- Thai Salad with Miso Peanut Dressing
Asian Grilled Vegetables with Miso Vinaigrette
Grilled veggies are topped with an oil free miso vinaigrette that is full of flavor!
Assorted vegetables to grill (I used cauliflower, sweet peppers, onions, zucchini and corn)
1/4 cup rice wine vinegar
2 Tblsp White Miso Paste
1 Tblsp soy sauce
1/2 Tblsp maple syrup
1 1/2 t sesame oil
1 t. minced garlic clove
1/2 t. garlic chili sauce
1/4 tsp ground ginger
1/8 tsp tumeric
Chop veggies and toss with a small amount of olive oil and salt and pepper (or any other seasonings you like – I love this Asian blend for this recipe).
- Prepare grill basket for veggies (oil it slightly so veggies don’t stick).

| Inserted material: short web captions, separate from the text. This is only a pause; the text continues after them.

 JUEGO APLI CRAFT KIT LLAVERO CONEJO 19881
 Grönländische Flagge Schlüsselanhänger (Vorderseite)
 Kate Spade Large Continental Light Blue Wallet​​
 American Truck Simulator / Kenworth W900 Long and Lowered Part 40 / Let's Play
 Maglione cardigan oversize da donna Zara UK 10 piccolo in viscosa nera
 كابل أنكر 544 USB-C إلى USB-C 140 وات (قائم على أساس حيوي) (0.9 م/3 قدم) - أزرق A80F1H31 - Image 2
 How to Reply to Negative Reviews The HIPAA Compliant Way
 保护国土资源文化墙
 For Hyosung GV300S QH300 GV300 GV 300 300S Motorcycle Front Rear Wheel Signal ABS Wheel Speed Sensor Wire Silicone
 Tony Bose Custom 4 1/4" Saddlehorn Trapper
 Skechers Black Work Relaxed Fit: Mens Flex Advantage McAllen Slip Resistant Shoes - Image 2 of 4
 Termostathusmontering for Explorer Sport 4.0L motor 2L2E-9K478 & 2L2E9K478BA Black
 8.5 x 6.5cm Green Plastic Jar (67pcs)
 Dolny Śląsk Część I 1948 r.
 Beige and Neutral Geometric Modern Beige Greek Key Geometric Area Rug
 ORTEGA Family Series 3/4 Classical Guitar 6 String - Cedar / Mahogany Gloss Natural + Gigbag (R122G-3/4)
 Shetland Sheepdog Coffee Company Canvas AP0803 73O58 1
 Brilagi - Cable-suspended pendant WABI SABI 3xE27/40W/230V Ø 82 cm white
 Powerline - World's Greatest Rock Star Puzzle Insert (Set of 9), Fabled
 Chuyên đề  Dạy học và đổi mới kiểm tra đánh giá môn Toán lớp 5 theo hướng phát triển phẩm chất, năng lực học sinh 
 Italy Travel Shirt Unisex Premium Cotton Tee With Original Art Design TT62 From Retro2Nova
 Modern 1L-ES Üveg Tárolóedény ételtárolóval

- Grill over medium heat to desired tenderness (20 – 30 minutes). Stir frequently so bottom veggies don’t burn!
- While veggies grill, prepare dressing. Put all ingredients in a small bowl and stir/whisk until smooth.
- Prepare your bowl with fresh salad greens. Top with grilled veggies, roasted chickpeas, avocado and drizzle with dressing!